=== Section Start ===

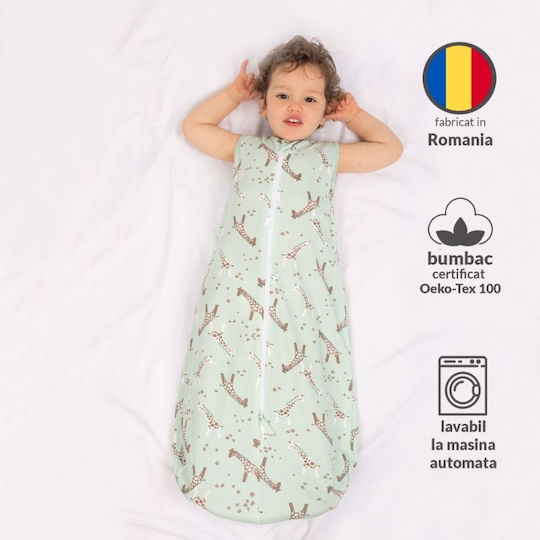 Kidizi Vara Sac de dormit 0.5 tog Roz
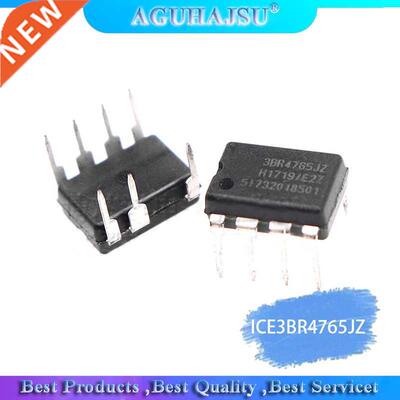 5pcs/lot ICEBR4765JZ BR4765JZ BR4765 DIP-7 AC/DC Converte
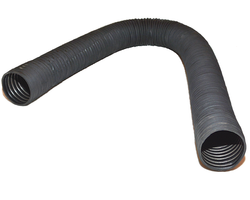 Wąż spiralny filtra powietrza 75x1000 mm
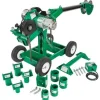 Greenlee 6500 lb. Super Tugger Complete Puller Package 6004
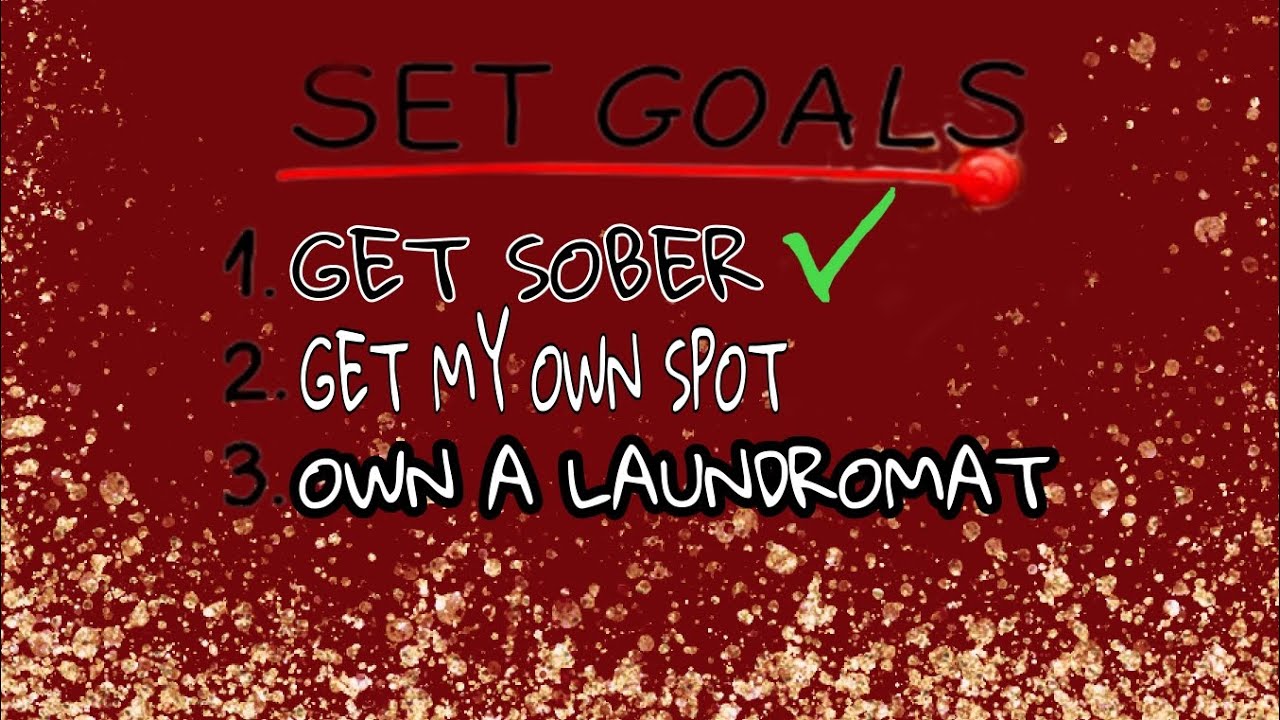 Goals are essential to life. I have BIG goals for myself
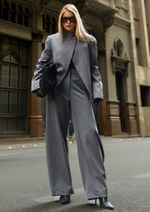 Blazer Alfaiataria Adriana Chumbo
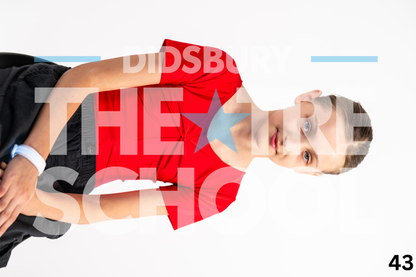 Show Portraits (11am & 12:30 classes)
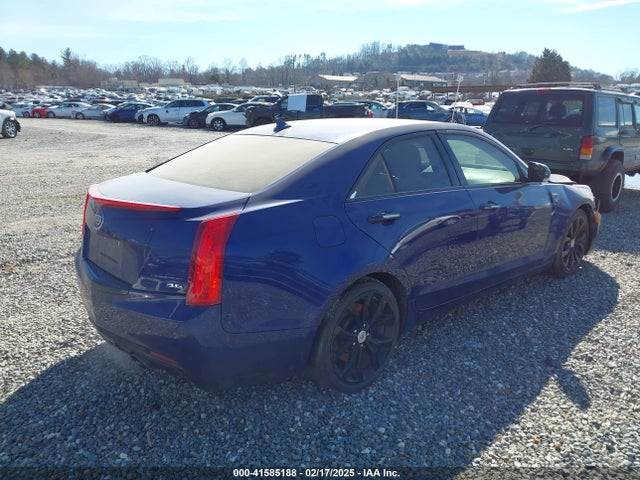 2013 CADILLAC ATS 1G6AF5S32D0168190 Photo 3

=== Section End ===
=== Section Start ===

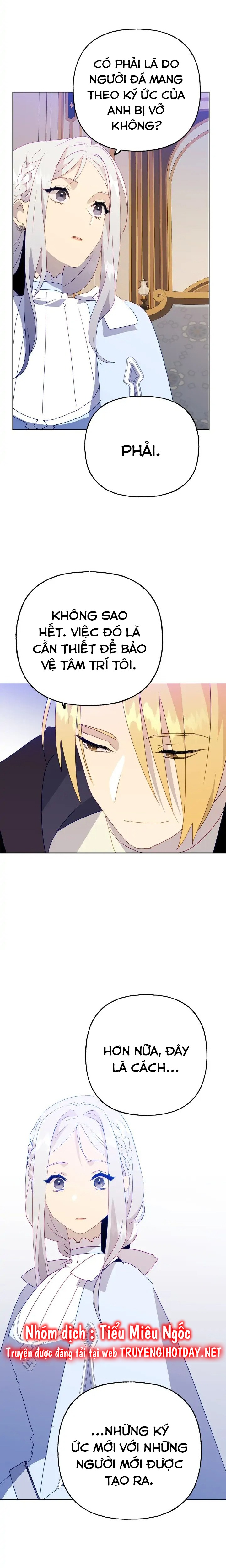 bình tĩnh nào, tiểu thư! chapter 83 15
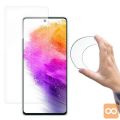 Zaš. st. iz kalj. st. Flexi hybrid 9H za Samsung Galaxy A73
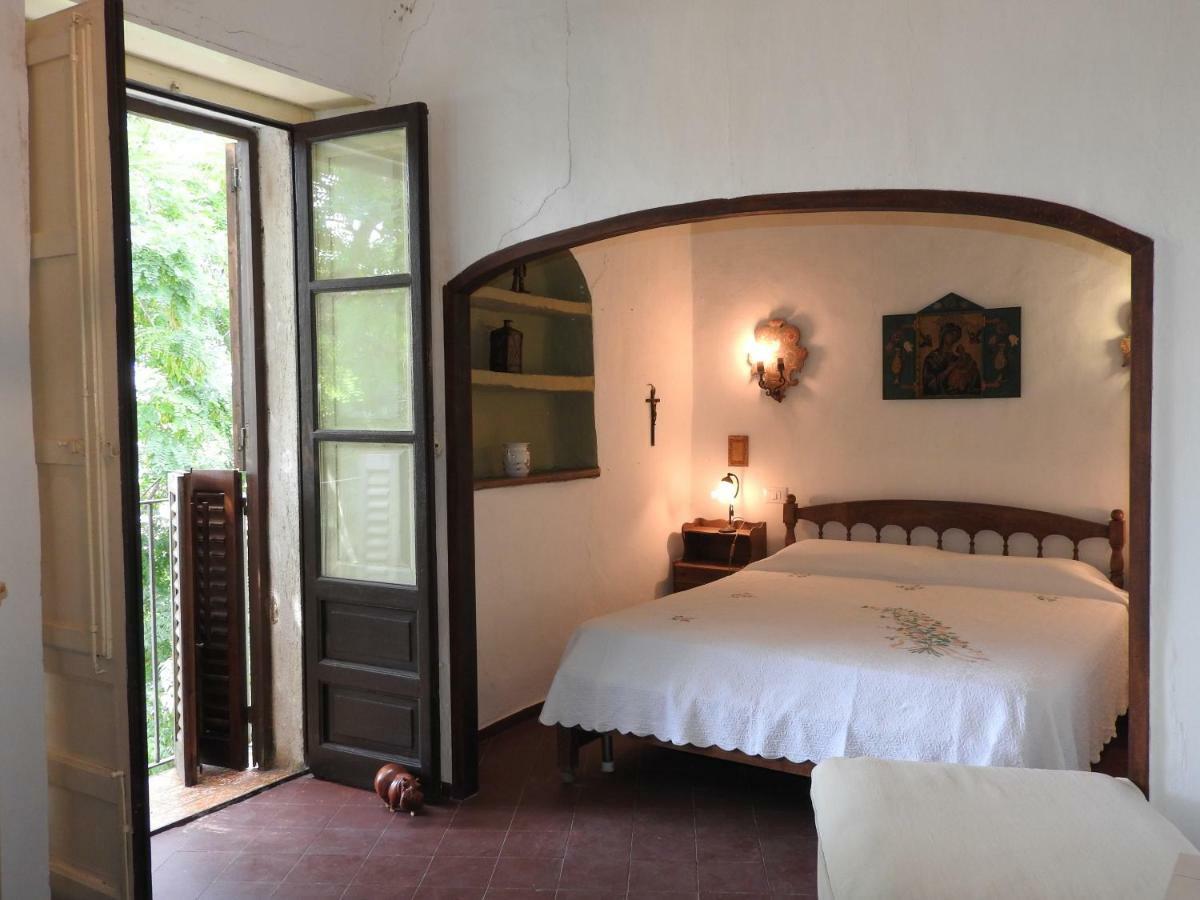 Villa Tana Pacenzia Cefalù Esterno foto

=== Section End ===
=== Section Start ===

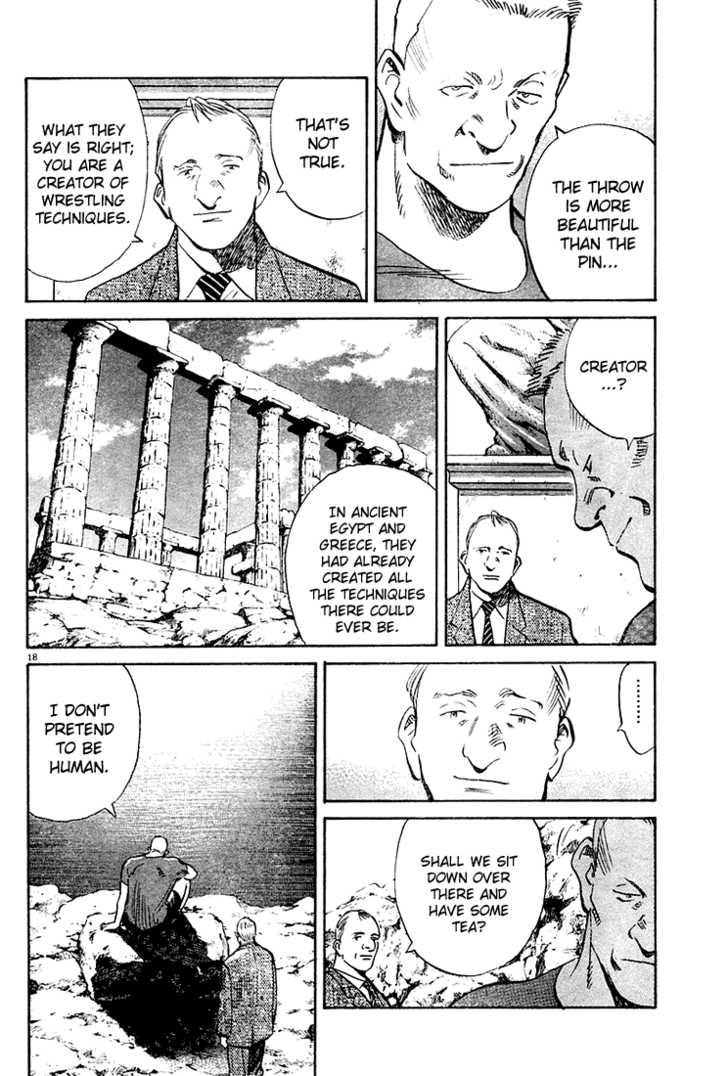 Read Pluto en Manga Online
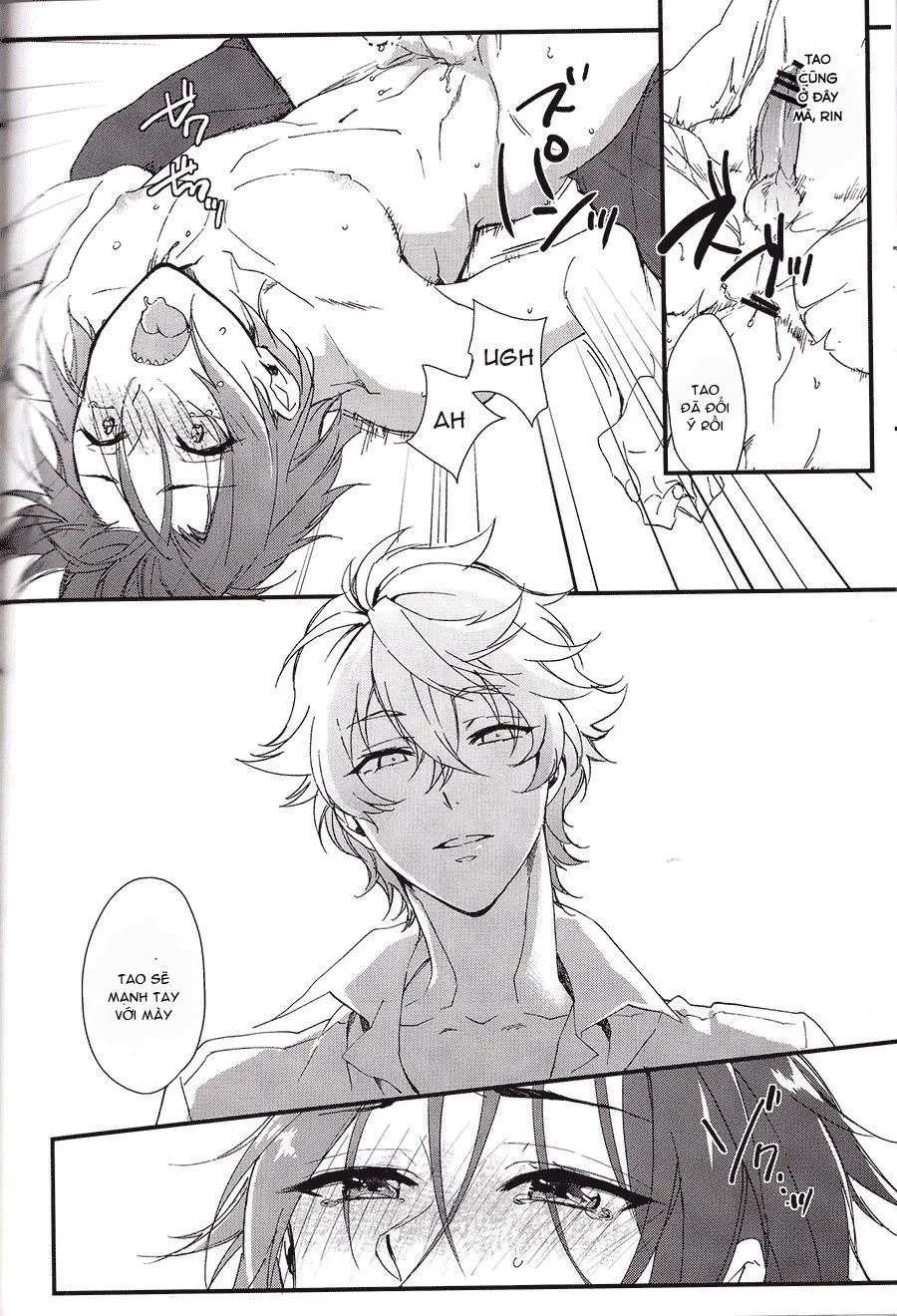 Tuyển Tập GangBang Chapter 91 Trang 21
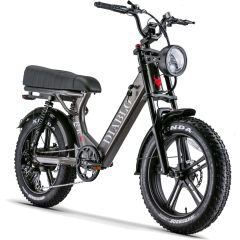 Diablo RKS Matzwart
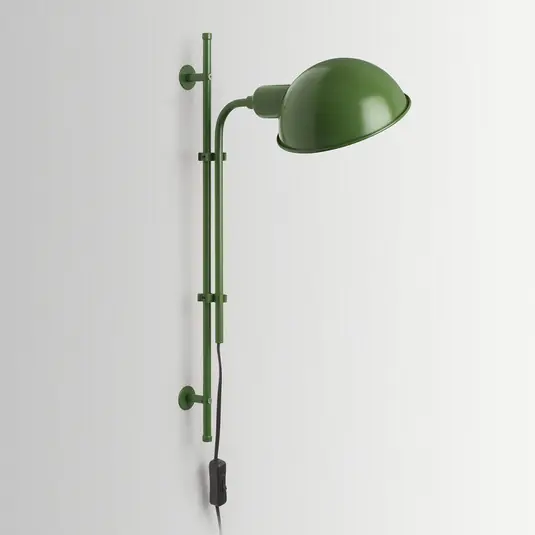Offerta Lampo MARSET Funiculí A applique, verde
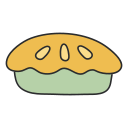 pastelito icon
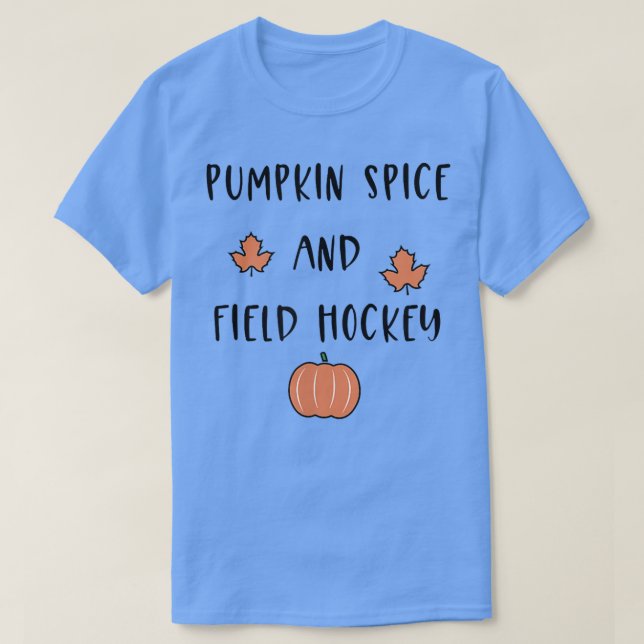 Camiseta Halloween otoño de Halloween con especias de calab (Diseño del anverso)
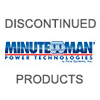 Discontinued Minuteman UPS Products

=== Section End ===

ABOUT THIS TASK - In the listing above, find the line containing "Goals are essential". Output it and every line after it up to and including the line containing "2013 CADILLAC ATS 1G6AF5S32D0168190 Photo 3", exactly, but skip the pictures.

YOUR SOLUTION -
 Goals are essential to life. I have BIG goals for myself
 Blazer Alfaiataria Adriana Chumbo
 Show Portraits (11am & 12:30 classes)
 2013 CADILLAC ATS 1G6AF5S32D0168190 Photo 3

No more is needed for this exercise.